New anti-phishing procedures are on the way, the panel said, but they come with practical levels of flexibility and don’t require replacing time-honored personal ID verification (PIV) credentials and common access cards.
The alliance members, in an accompanying white paper, stipulated that implementing single sign-on, life-cycle management, and digital identity risk assessments “are table stakes for federal zero trust implementations and prerequisites for U.S. government FIDO deployments.”
The panel discussion followed publication of the white paper, which is both detailed and high-level, giving bureaucrats guidance in deploying FIDO authentication. Both are results of a request by the White House to help accelerate FIDO systems and processes.
What has been delivered is more nuanced.
If PIV and CACs are already meeting your needs, that’s great,” said Tom Clancy, an engineer with government researcher Mitre and a panelist.
“Think about FIDO authentication as a replacement for phishable authentication,” Clancy said, “not as a replacement for PIVs and CACs.”
The white paper states that the goal should be “narrowing” what methods government employees use for multi-factor authentication. A better way of putting it would limiting ineffective tactics.
Digital ID credential and access management should include any step that is resistant to phishing, a component of the government’s zero trust strategy.
Agencies need to figure out which FIDO authenticator best fits their needs, said Zach Martin, a panelist and senior policy advisor at the law firm Venable.
Clancy and Martin were joined on the webinar’s panel by Teresa Wu of Idemia, who is also co-chair of the FIDO Alliance’s Government Deployment Working Group, Lisa Palma of LC&J Security Solutions and Joe Scalone of Yubico.
The report recommends that agencies run pilots for new-to-them authenticators and make sure processes including credential revocation and access control are effective.
Digital ID risk-assessments, or DIRAs, also have to be implemented as repeatable ways to judge anti-phishing procedures for multiple resources in various contexts.
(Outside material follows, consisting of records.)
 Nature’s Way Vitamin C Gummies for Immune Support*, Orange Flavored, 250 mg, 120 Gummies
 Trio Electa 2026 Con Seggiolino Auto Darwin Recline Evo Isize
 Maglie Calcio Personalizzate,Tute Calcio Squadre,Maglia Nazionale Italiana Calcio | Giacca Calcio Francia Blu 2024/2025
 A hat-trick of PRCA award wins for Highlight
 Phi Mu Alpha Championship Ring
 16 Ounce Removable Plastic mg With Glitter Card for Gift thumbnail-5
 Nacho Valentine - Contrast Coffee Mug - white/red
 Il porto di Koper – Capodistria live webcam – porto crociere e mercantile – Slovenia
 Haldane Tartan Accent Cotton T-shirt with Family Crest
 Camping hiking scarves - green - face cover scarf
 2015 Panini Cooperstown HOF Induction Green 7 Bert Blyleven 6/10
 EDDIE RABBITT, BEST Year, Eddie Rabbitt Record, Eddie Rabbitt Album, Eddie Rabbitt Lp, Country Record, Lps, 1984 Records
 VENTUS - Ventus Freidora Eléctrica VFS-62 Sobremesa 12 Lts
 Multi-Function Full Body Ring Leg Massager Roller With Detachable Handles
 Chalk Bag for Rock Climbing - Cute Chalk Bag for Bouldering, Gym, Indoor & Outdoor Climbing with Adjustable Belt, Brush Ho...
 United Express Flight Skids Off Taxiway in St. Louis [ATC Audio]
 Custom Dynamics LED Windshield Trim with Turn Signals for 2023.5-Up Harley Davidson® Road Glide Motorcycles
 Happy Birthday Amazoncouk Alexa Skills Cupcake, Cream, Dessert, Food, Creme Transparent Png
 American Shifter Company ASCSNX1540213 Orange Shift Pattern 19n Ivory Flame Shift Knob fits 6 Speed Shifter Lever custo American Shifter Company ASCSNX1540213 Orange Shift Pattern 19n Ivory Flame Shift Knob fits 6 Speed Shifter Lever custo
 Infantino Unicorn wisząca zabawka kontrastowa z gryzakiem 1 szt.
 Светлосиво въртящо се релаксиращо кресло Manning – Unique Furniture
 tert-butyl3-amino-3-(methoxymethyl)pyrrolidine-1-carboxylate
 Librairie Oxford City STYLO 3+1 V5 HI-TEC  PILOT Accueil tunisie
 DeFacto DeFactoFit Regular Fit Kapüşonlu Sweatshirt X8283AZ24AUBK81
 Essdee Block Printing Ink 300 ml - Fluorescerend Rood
Clancy said the DIRA process is especially important when implementation runs aground on cultural barriers.
Clancy said staff may push false choices, like that PIV cards and passwords are the only options. A risk assessment will provide a more objective, open-ended view of alternatives.
Indeed, he said that “in some agencies, there is a reluctant to approve alternatives.” That could be “contributing to a reliance on waivers or unsafe authentication” like passwords.